ScrapingBee is a web scraping API that handles headless browsers and proxy rotation, allowing developers to extract HTML from any website in a single API call. With the ScrapingBee integration in SquadOS, your agents can scrape pages, extract structured data, and bypass anti-bot protections reliably and easily.

Official website: https://www.scrapingbee.com/
Composio documentation: docs.composio.dev/toolkits/scrapingbee

Authentication

This tool uses an API key (API_KEY) to connect.

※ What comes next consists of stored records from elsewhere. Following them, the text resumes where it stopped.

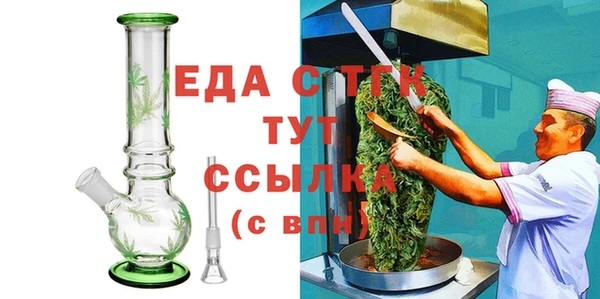 дурь Аркадак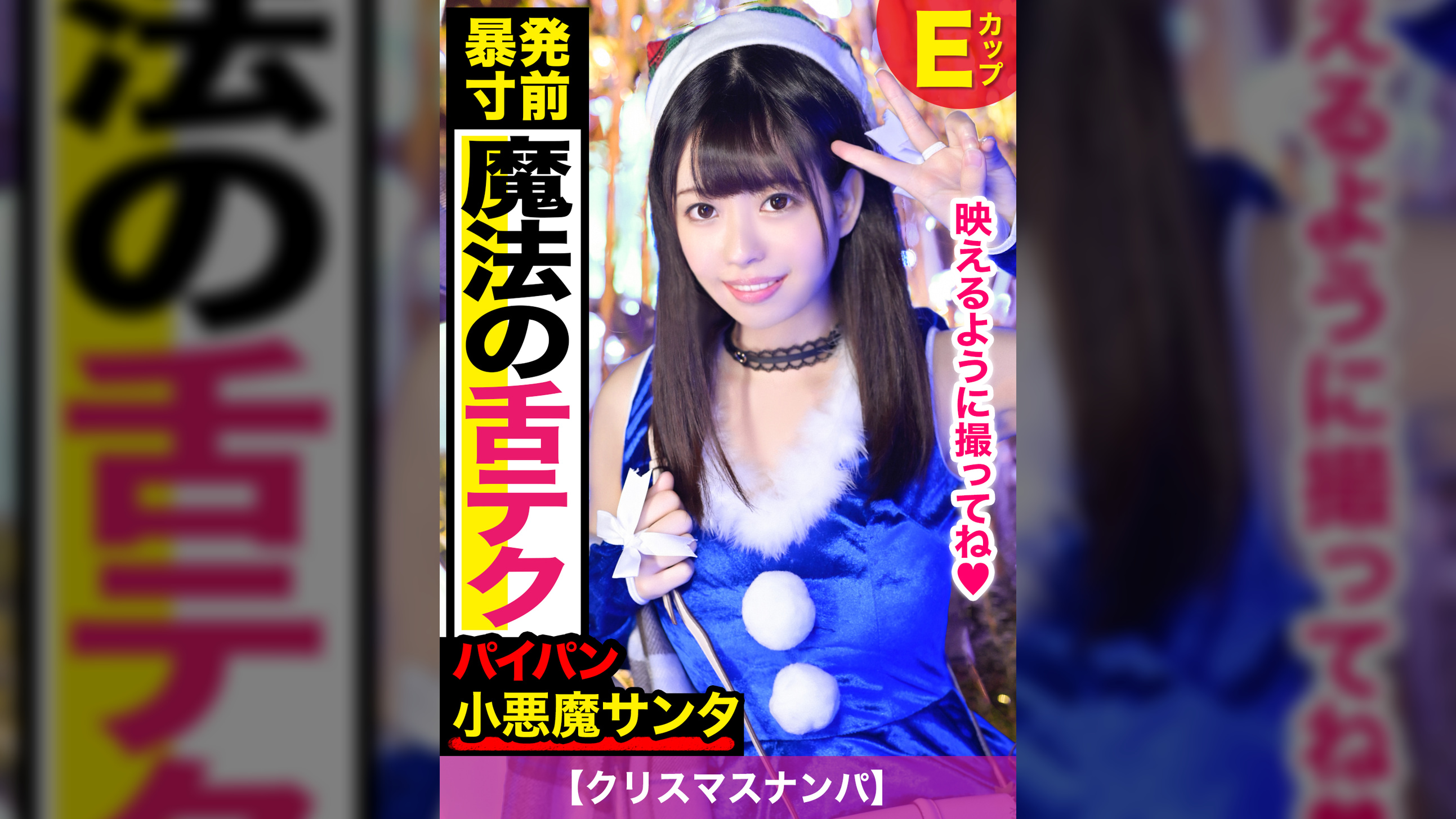 性夜のイルミネーションに夢中な女子たちを捕獲即ハメ！ノリノリで舌テク駆使しご奉仕フェラするエロ小悪魔♪パイパンマ〇コを鬼ピスされてアヘ顔大絶叫ｗｗ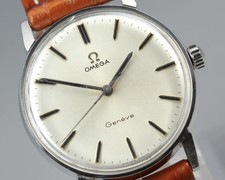 Orologio Uomo OH [Quasi MINT]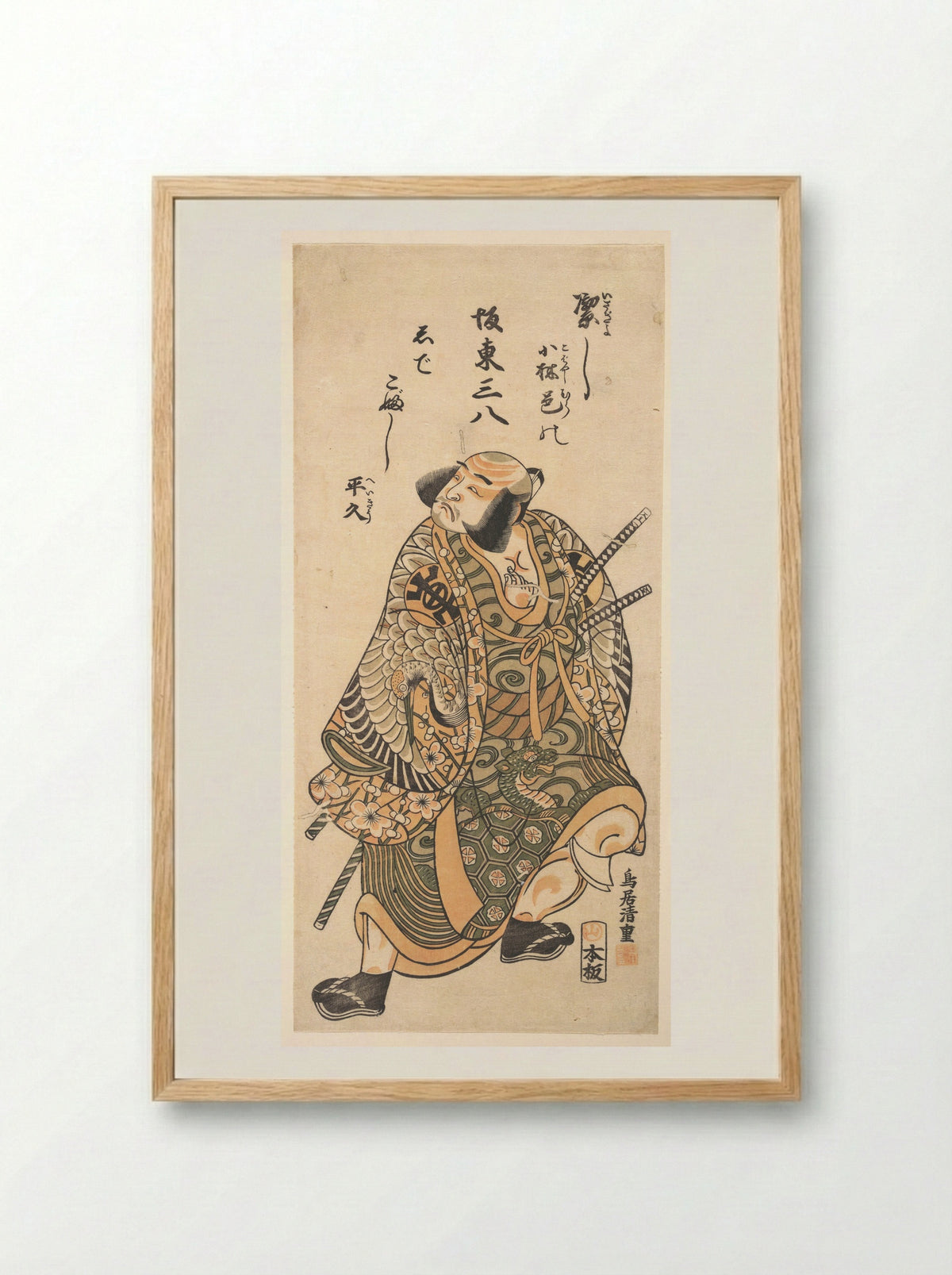The Actor Nakamura Nakazo as a Warrior - Torii Kiyoshige - Framed Print Wood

You will need the following fields:

Field	Required	Description
`api_key`	Yes	Your private ScrapingBee API key, used to authenticate all requests.

How to get credentials

Go to dashboard.scrapingbee.com/account/register and create an account.
Confirm your email to activate the account.
Log in at dashboard.scrapingbee.com/account/login.
Navigate to dashboard.scrapingbee.com/account/manage/api_key.
Copy the API key displayed — this is the value to use in the api_key field when connecting in SquadOS.

How to connect in SquadOS

Go to Tools in the side menu (/admin/tools).
Open the Available tab and search for Scrapingbee.
Click the card to open the details and hit Connect.
You’re taken to the secure connection page hosted by Composio, where you enter the API key obtained above.
Once done, you’re sent back to SquadOS with the account connected and the tool available to agents. (Connection-flow details in Organization Tools.)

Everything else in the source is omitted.